Infine c’è un’altra realtà, che aderisce come la pelle al corpo dell’uomo e che è legata anch’essa alla morte. Il voler essere i padroni assoluti della nostra vita e della nostra esistenza personale, mettendo da parte di Dio e non riconoscendo in alcun modo la sua signoria su di noi. L’uomo che si sottrae con superbo orgoglio alla comunione con Dio, non riconoscendo affatto che egli è la sorgente della vita e della sua felicità, non fa che voler creare un mondo a immagine della sua debolezza e limitatezza. Quindi asseconda la sua tensione verso la morte, alla quale non può in alcun modo sottrarsi. Così, volendo affermare in tutte le possibili direzioni la sua libertà illimitata, l’uomo finisce col diventare schiavo delle sue passioni e della sua distorta visione del mondo. Gesù, al contrario, in un gesto di amore e di abbandono fiducioso, consegna totalmente la sua vita nelle mani del Padre, il quale, essendo il Signore della vita, gliela ridona in pienezza nella Risurrezione.
Noi oggi celebriamo nella gioia più profonda la Risurrezione di Gesù e crediamo in essa con la certezza di fede che già ci viene testimoniata dai primi stupiti testimoni. Essa non è soltanto la speranza di una realtà futura che a partire da Gesù investe l’umanità intera, ma ci è stata già donata come seme fecondo: la nostra vita è ormai nascosta, con Cristo, in Dio.
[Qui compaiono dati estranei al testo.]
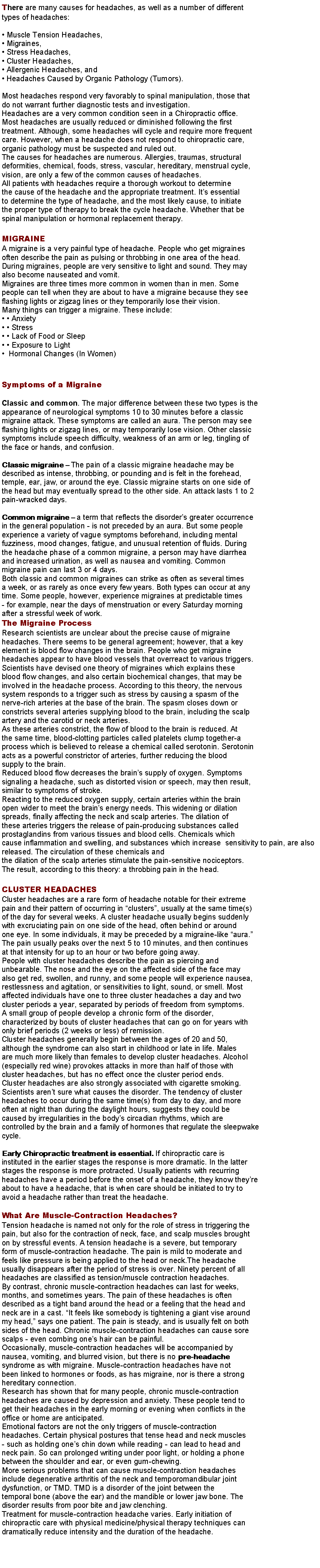 Text Box: There are many causes for headaches, as well as a number of differenttypes of headaches: Muscle Tension Headaches, Migraines, Stress Headaches, Cluster Headaches, Allergenic Headaches, and Headaches Caused by Organic Pathology (Tumors).Most headaches respond very favorably to spinal manipulation, those thatdo not warrant further diagnostic tests and investigation.Headaches are a very common condition seen in a Chiropractic office.Most headaches are usually reduced or diminished following the firsttreatment. Although, some headaches will cycle and require more frequentcare. However, when a headache does not respond to chiropractic care,organic pathology must be suspected and ruled out.The causes for headaches are numerous. Allergies, traumas, structuraldeformities, chemical, foods, stress, vascular, hereditary, menstrual cycle,vision, are only a few of the common causes of headaches.All patients with headaches require a thorough workout to determinethe cause of the headache and the appropriate treatment. Its essentialto determine the type of headache, and the most likely cause, to initiatethe proper type of therapy to break the cycle headache. Whether that bespinal manipulation or hormonal replacement therapy.MIGRAINEA migraine is a very painful type of headache. People who get migrainesoften describe the pain as pulsing or throbbing in one area of the head.During migraines, people are very sensitive to light and sound. They mayalso become nauseated and vomit.Migraines are three times more common in women than in men. Somepeople can tell when they are about to have a migraine because they seeflashing lights or zigzag lines or they temporarily lose their vision.Many things can trigger a migraine. These include:  Anxiety  Stress  Lack of Food or Sleep  Exposure to Light  Hormonal Changes (In Women)Symptoms of a MigraineClassic and common. The major difference between these two types is theappearance of neurological symptoms 10 to 30 minutes before a classicmigraine attack. These symptoms are called an aura. The person may seeflashing lights or zigzag lines, or may temporarily lose vision. Other classicsymptoms include speech difficulty, weakness of an arm or leg, tingling ofthe face or hands, and confusion.Classic migraine  The pain of a classic migraine headache may bedescribed as intense, throbbing, or pounding and is felt in the forehead,temple, ear, jaw, or around the eye. Classic migraine starts on one side ofthe head but may eventually spread to the other side. An attack lasts 1 to 2pain-wracked days.Common migraine  a term that reflects the disorders greater occurrencein the general population - is not preceded by an aura. But some peopleexperience a variety of vague symptoms beforehand, including mentalfuzziness, mood changes, fatigue, and unusual retention of fluids. Duringthe headache phase of a common migraine, a person may have diarrheaand increased urination, as well as nausea and vomiting. Commonmigraine pain can last 3 or 4 days.Both classic and common migraines can strike as often as several timesa week, or as rarely as once every few years. Both types can occur at anytime. Some people, however, experience migraines at predictable times- for example, near the days of menstruation or every Saturday morningafter a stressful week of work.The Migraine ProcessResearch scientists are unclear about the precise cause of migraineheadaches. There seems to be general agreement; however, that a keyelement is blood flow changes in the brain. People who get migraineheadaches appear to have blood vessels that overreact to various triggers.Scientists have devised one theory of migraines which explains theseblood flow changes, and also certain biochemical changes, that may beinvolved in the headache process. According to this theory, the nervoussystem responds to a trigger such as stress by causing a spasm of thenerve-rich arteries at the base of the brain. The spasm closes down orconstricts several arteries supplying blood to the brain, including the scalpartery and the carotid or neck arteries.As these arteries constrict, the flow of blood to the brain is reduced. Atthe same time, blood-clotting particles called platelets clump together-aprocess which is believed to release a chemical called serotonin. Serotoninacts as a powerful constrictor of arteries, further reducing the bloodsupply to the brain.Reduced blood flow decreases the brains supply of oxygen. Symptomssignaling a headache, such as distorted vision or speech, may then result,similar to symptoms of stroke.Reacting to the reduced oxygen supply, certain arteries within the brainopen wider to meet the brains energy needs. This widening or dilationspreads, finally affecting the neck and scalp arteries. The dilation ofthese arteries triggers the release of pain-producing substances calledprostaglandins from various tissues and blood cells. Chemicals whichcause inflammation and swelling, and substances which increase  sensitivity to pain, are also released. The circulation of these chemicals andthe dilation of the scalp arteries stimulate the pain-sensitive nociceptors.The result, according to this theory: a throbbing pain in the head.CLUSTER HEADACHESCluster headaches are a rare form of headache notable for their extremepain and their pattern of occurring in clusters, usually at the same time(s)of the day for several weeks. A cluster headache usually begins suddenlywith excruciating pain on one side of the head, often behind or aroundone eye. In some individuals, it may be preceded by a migraine-like aura.The pain usually peaks over the next 5 to 10 minutes, and then continuesat that intensity for up to an hour or two before going away.People with cluster headaches describe the pain as piercing andunbearable. The nose and the eye on the affected side of the face mayalso get red, swollen, and runny, and some people will experience nausea,restlessness and agitation, or sensitivities to light, sound, or smell. Mostaffected individuals have one to three cluster headaches a day and twocluster periods a year, separated by periods of freedom from symptoms.A small group of people develop a chronic form of the disorder,characterized by bouts of cluster headaches that can go on for years withonly brief periods (2 weeks or less) of remission.Cluster headaches generally begin between the ages of 20 and 50,although the syndrome can also start in childhood or late in life. Malesare much more likely than females to develop cluster headaches. Alcohol(especially red wine) provokes attacks in more than half of those withcluster headaches, but has no effect once the cluster period ends.Cluster headaches are also strongly associated with cigarette smoking.Scientists arent sure what causes the disorder. The tendency of clusterheadaches to occur during the same time(s) from day to day, and moreoften at night than during the daylight hours, suggests they could becaused by irregularities in the bodys circadian rhythms, which arecontrolled by the brain and a family of hormones that regulate the sleepwakecycle.Early Chiropractic treatment is essential. If chiropractic care isinstituted in the earlier stages the response is more dramatic. In the latterstages the response is more protracted. Usually patients with recurringheadaches have a period before the onset of a headache, they know theyreabout to have a headache, that is when care should be initiated to try toavoid a headache rather than treat the headache. What Are Muscle-Contraction Headaches?Tension headache is named not only for the role of stress in triggering thepain, but also for the contraction of neck, face, and scalp muscles broughton by stressful events. A tension headache is a severe, but temporaryform of muscle-contraction headache. The pain is mild to moderate andfeels like pressure is being applied to the head or neck.The headacheusually disappears after the period of stress is over. Ninety percent of allheadaches are classified as tension/muscle contraction headaches.By contrast, chronic muscle-contraction headaches can last for weeks,months, and sometimes years. The pain of these headaches is oftendescribed as a tight band around the head or a feeling that the head andneck are in a cast. It feels like somebody is tightening a giant vise aroundmy head, says one patient. The pain is steady, and is usually felt on bothsides of the head. Chronic muscle-contraction headaches can cause sorescalps - even combing ones hair can be painful.Occasionally, muscle-contraction headaches will be accompanied bynausea, vomiting, and blurred vision, but there is no pre-headachesyndrome as with migraine. Muscle-contraction headaches have notbeen linked to hormones or foods, as has migraine, nor is there a stronghereditary connection.Research has shown that for many people, chronic muscle-contractionheadaches are caused by depression and anxiety. These people tend toget their headaches in the early morning or evening when conflicts in theoffice or home are anticipated.Emotional factors are not the only triggers of muscle-contractionheadaches. Certain physical postures that tense head and neck muscles- such as holding ones chin down while reading - can lead to head andneck pain. So can prolonged writing under poor light, or holding a phonebetween the shoulder and ear, or even gum-chewing.More serious problems that can cause muscle-contraction headachesinclude degenerative arthritis of the neck and temporomandibular jointdysfunction, or TMD. TMD is a disorder of the joint between thetemporal bone (above the ear) and the mandible or lower jaw bone. Thedisorder results from poor bite and jaw clenching.Treatment for muscle-contraction headache varies. Early initiation ofchiropractic care with physical medicine/physical therapy techniques candramatically reduce intensity and the duration of the headache.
Noi siamo chiamati a far maturare questo seme, vivendo come creature nuove, che hanno rinunciato ad ogni empietà che li fa riconoscere come figli del diavolo, e che non consentono al lievito di malizia e di perversità di fermentare dentro di loro, per vivere nella libertà e nella gioia dei figli di Dio, in Cristo Gesù.